Please set down, unchanged, each line from the one with "TZ FIRST TZK-2" to the final line of the data below, both included. Drop the pictures.

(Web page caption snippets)
********************

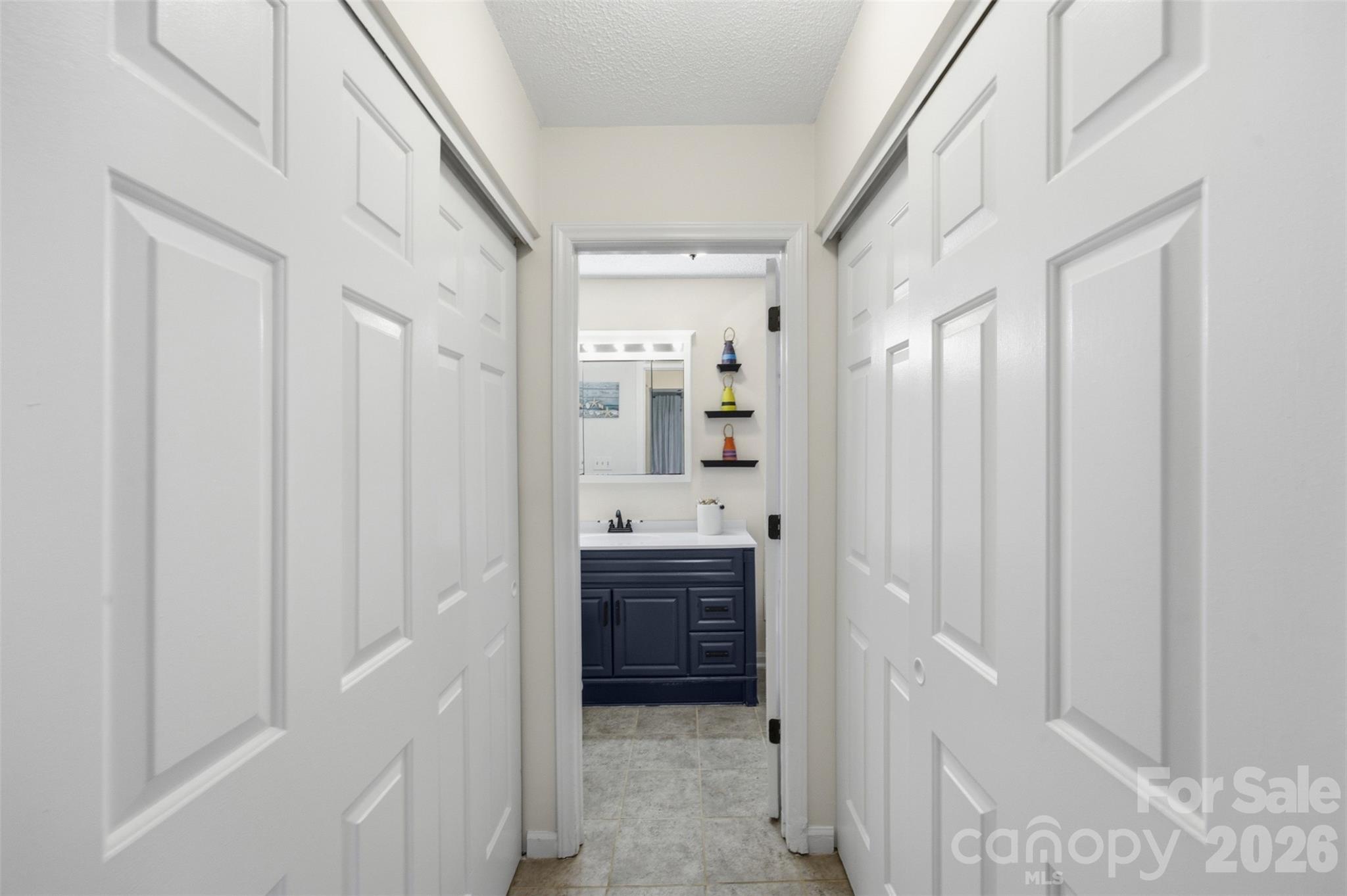 8157 Cedar Glen Drive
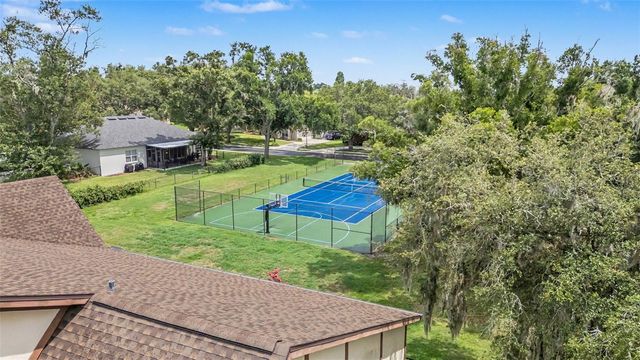 633 VICTORIA SQUARE LANE, Lakeland, FL 33813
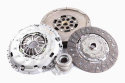 KAR24613 - Clutch Kit - Clutch Pro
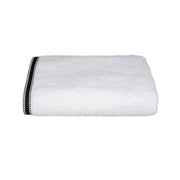 Peshqir dushi JOIA 100 x 150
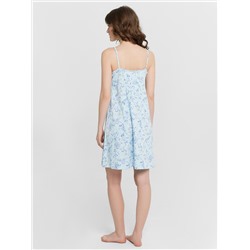 MARK FORMELLE Сорочка 572336/1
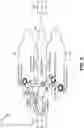 Fig. 07 - Next generation to VoLTE fallback for voice calls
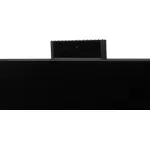 Моноблок Teclast F27 Air (27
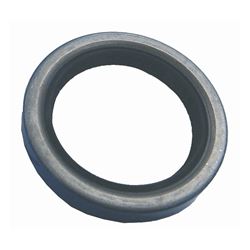 Picture of Sierra 18-1213 Sierra International 18-1213 Marine Timing Cover Seal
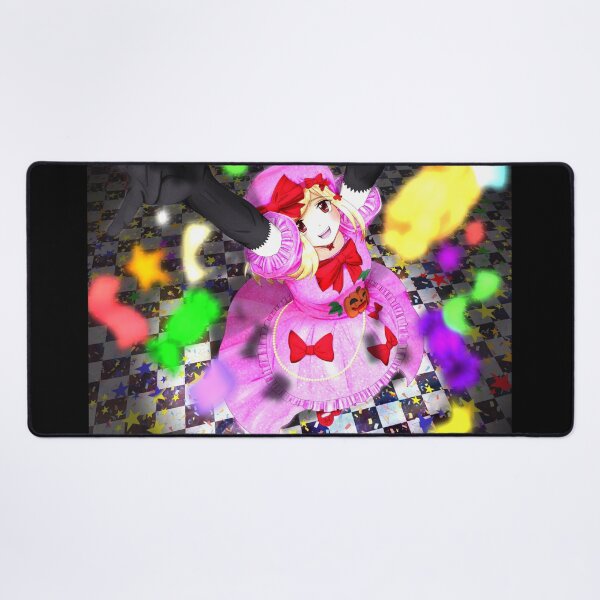 Item preview, lambdadelta's sweet show designed and sold by despairfamily.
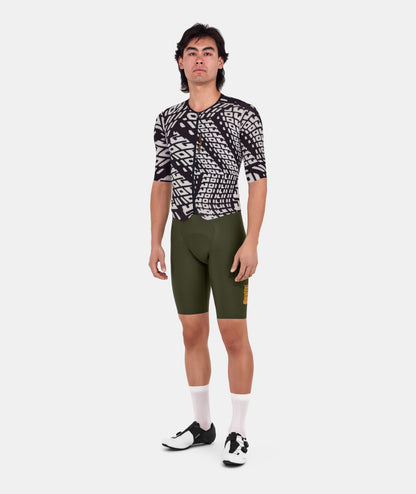 MADSS V3 - AEROSUIT  5S851YC3MADSSV3      ROUTE  SLIM     2025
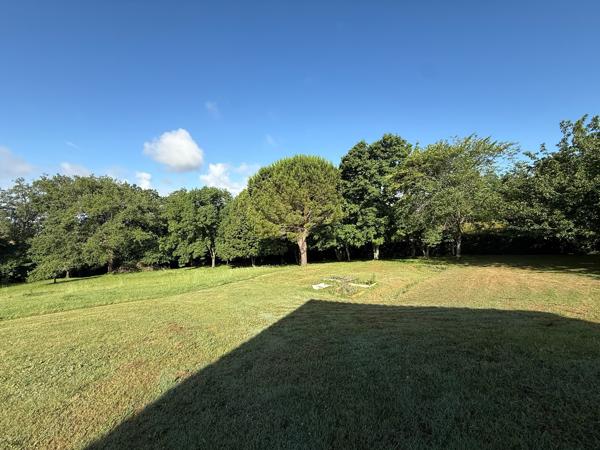 Maison T5, 150 m² - Gratentour (31150)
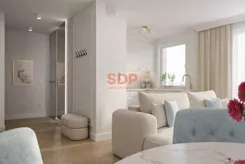 45730 - zdjęcie nr 4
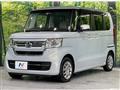 2023 Honda N BOX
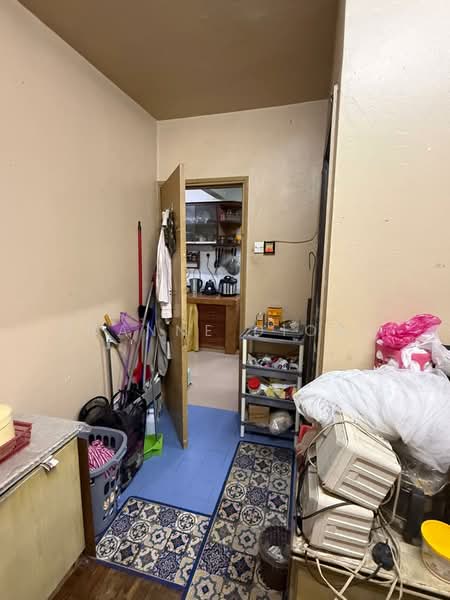 Rumah Banglo untuk Dijual di Petaling Jaya (Selangor) - Joanne Diong - PropertyGuru.com.my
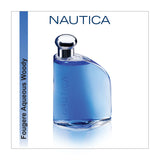 Nautica Blue M Eau de Toilette 50ml
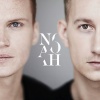 NOAH - Det' Okay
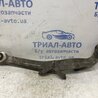 Важель задній поперечний Nissan X-Trail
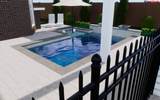 7535 Guinevere Drive - Photo 47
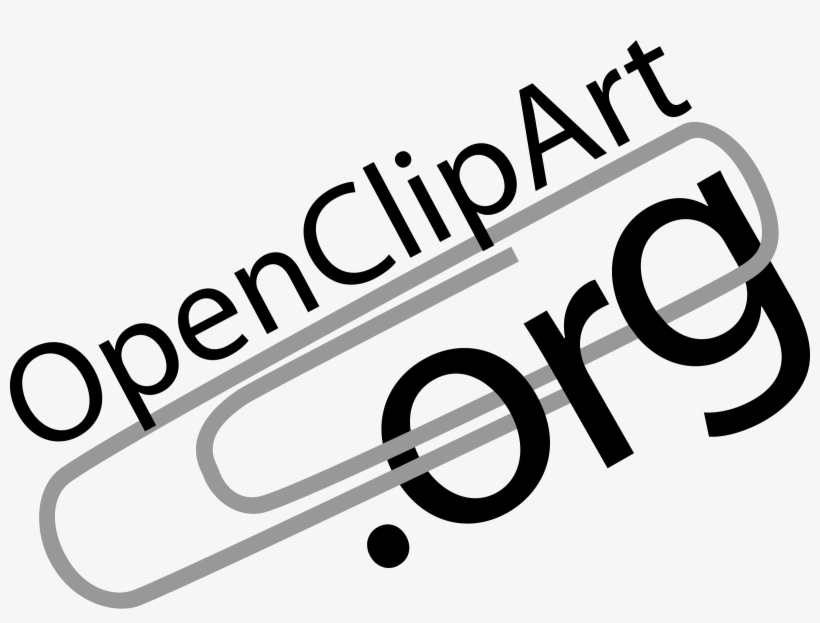 Px / - Clip Art, transparent png #6258018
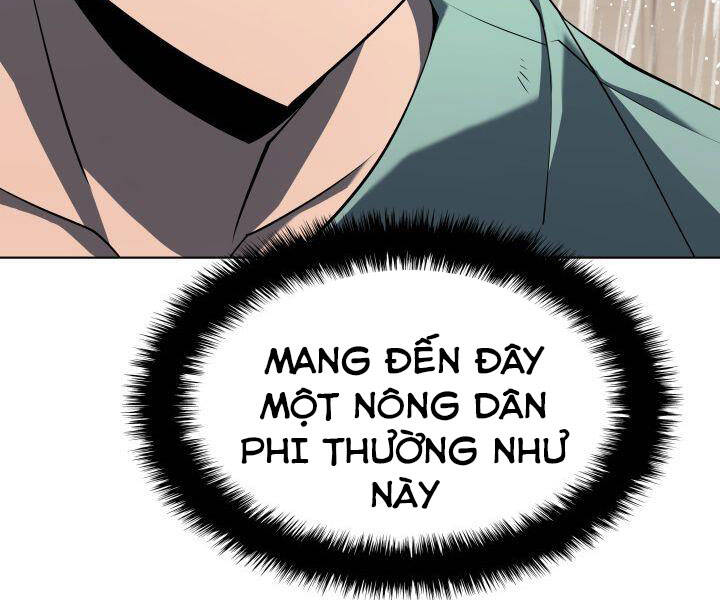 Chương 114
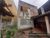 Casa, 370 m² - Foto 3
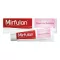 MIRFULAN Wound and healing ointment, 50 g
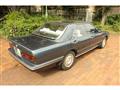 1988 Nissan Cima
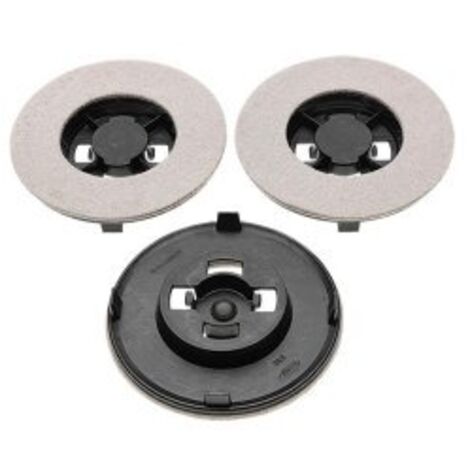 Hoover Z9 Spazzole per Parquet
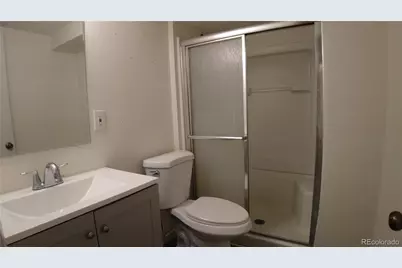 15130 E Hampden Circle, Aurora, CO 80014 - Photo 11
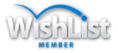 WishListMember, compatible avec Omaileo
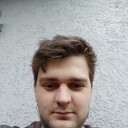 ���������� �����, ���� ������� �����, 31 ���, ������������ ��� ������, ����� � ���������, c�������� ���������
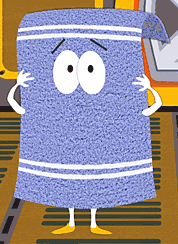 towelie.gif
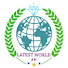 EO7pWln2ePc-channel-avatar-Latest world AH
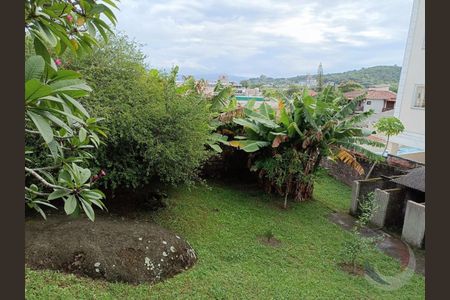 22_photo/9527476cdd.a9fe67ee86852afe-ATLAS-c6a583d5-e0ce-47d0-8b03-bf918aeabfad.jpg de casa à venda com 4 quartos, 245m² em Saco Grande, Florianópolis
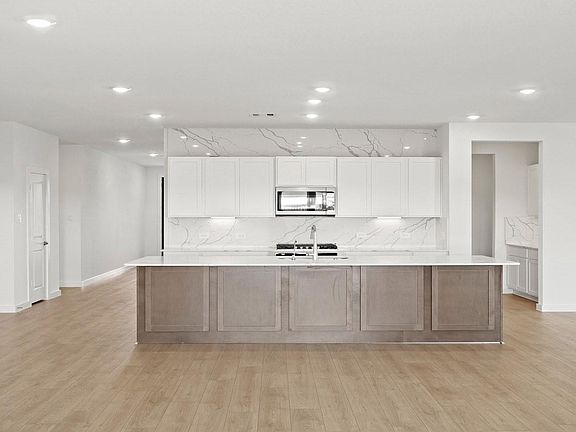 6th image of this home
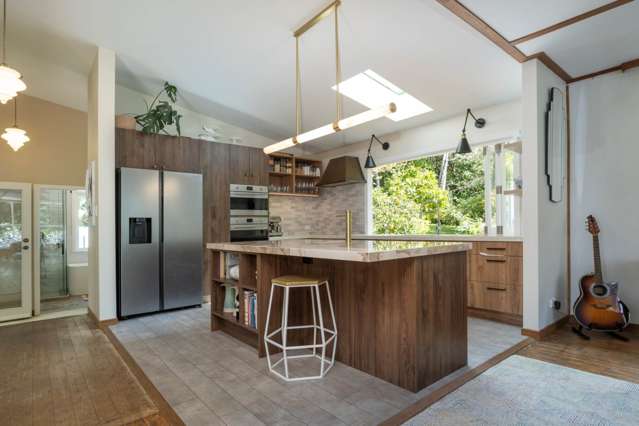 180 Atkinson Road Titirangi_4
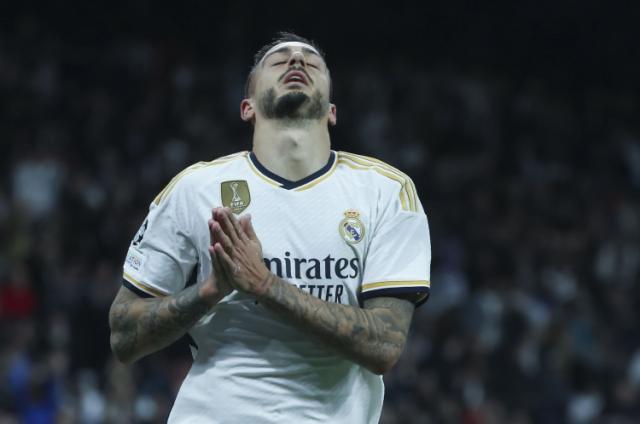 1719272598988040771.jpg 开云APP-【早报】又见绝平!意大利克罗地亚颠倒天堂与地狱!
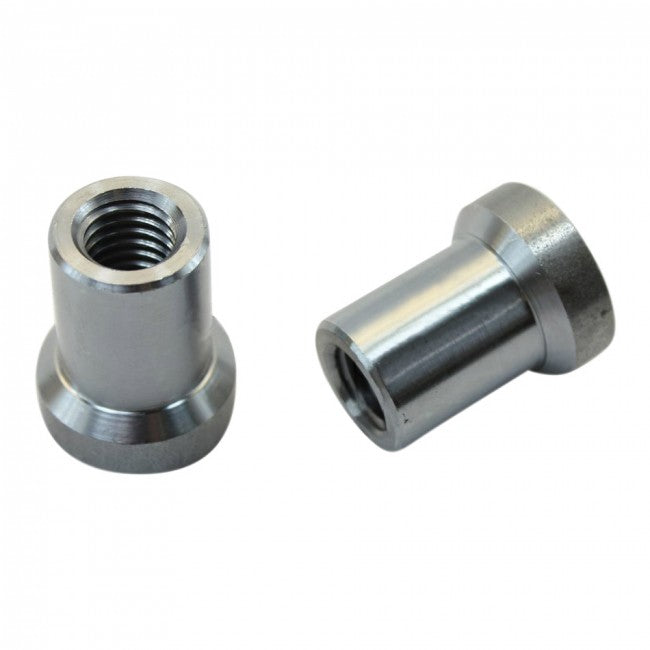 TC Bros - Handlebar Internal Riser Bungs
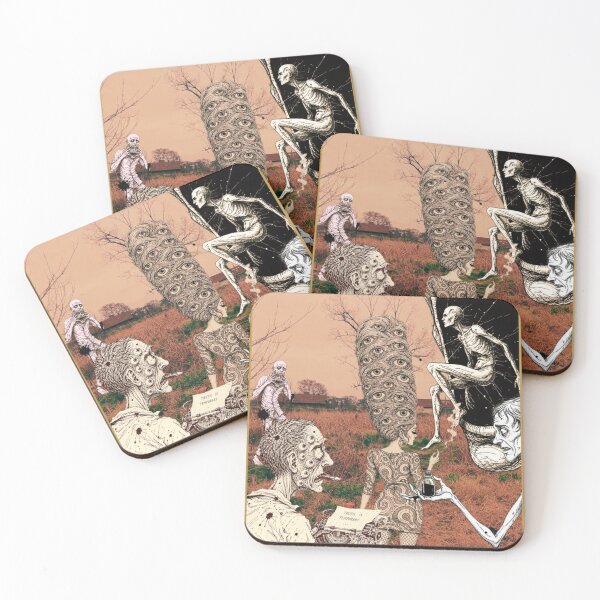 Item preview, Truth is Temporary designed and sold by point5magazine.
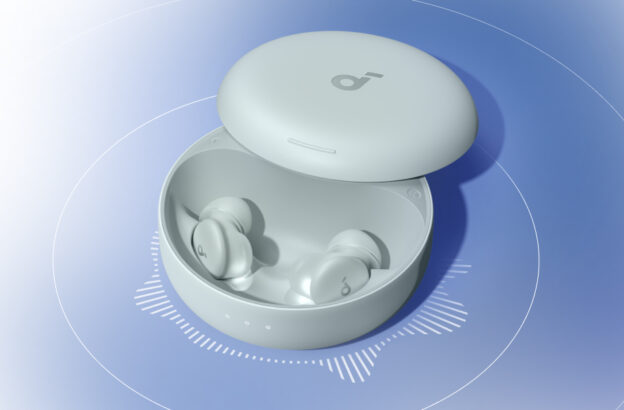 Anker Soundcore Sleep A30: Akıllı Horlama Maskeleme Teknolojisi 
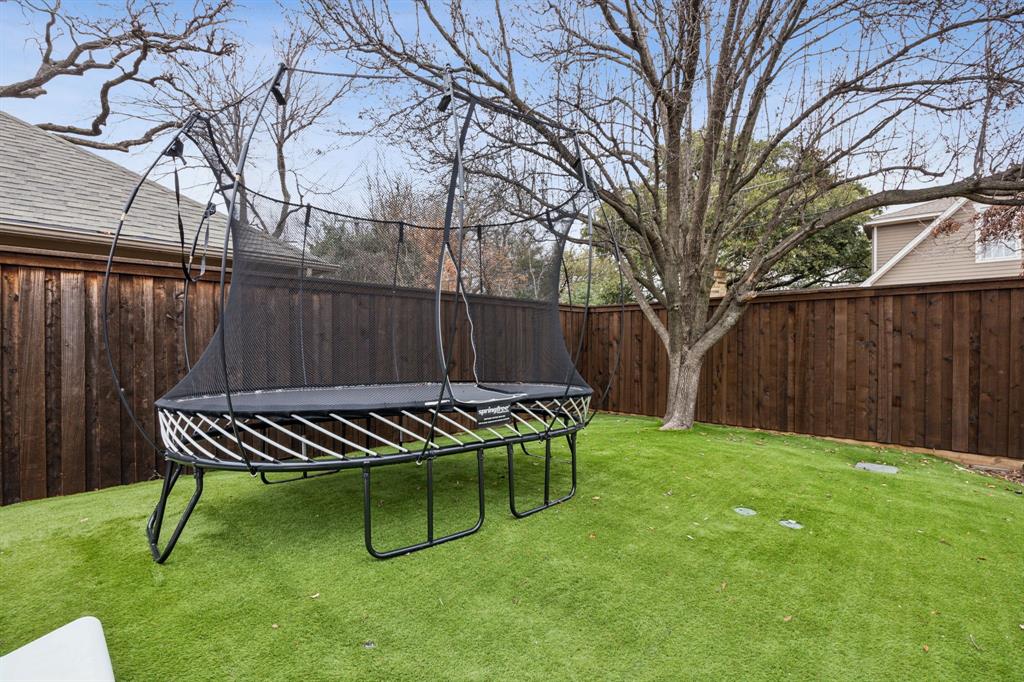 Compton Heights - Residential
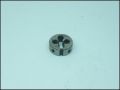 ПЛАШКА M 5,0mm D20L5Z4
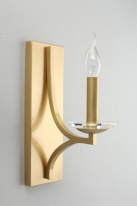 Цена на Бра APLOYT APL.805.01.01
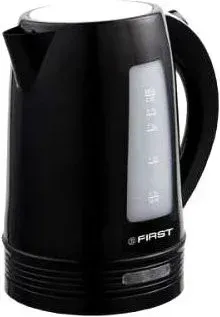 TZ FIRST TZK-2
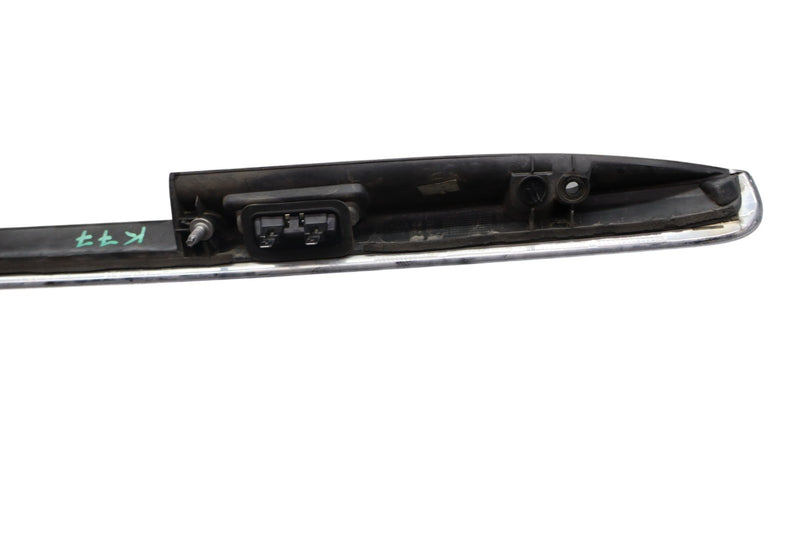 Load image into Gallery viewer, 07-12 Mercedes GL450 GL550 Rear Trunk Lid Tailgate Hatch Handle 1647400993 Oem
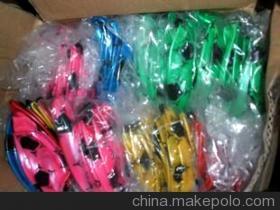 上海欣運(yùn)塑膠 專(zhuān)注塑膠球類(lèi)制品，提供貼標(biāo)球、全印球、珠光球與健身球一站式解決方案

********************

SOLVED PROBLEM -
 TZ FIRST TZK-2
 Load image into Gallery viewer, 07-12 Mercedes GL450 GL550 Rear Trunk Lid Tailgate Hatch Handle 1647400993 Oem
 上海欣運(yùn)塑膠 專(zhuān)注塑膠球類(lèi)制品，提供貼標(biāo)球、全印球、珠光球與健身球一站式解決方案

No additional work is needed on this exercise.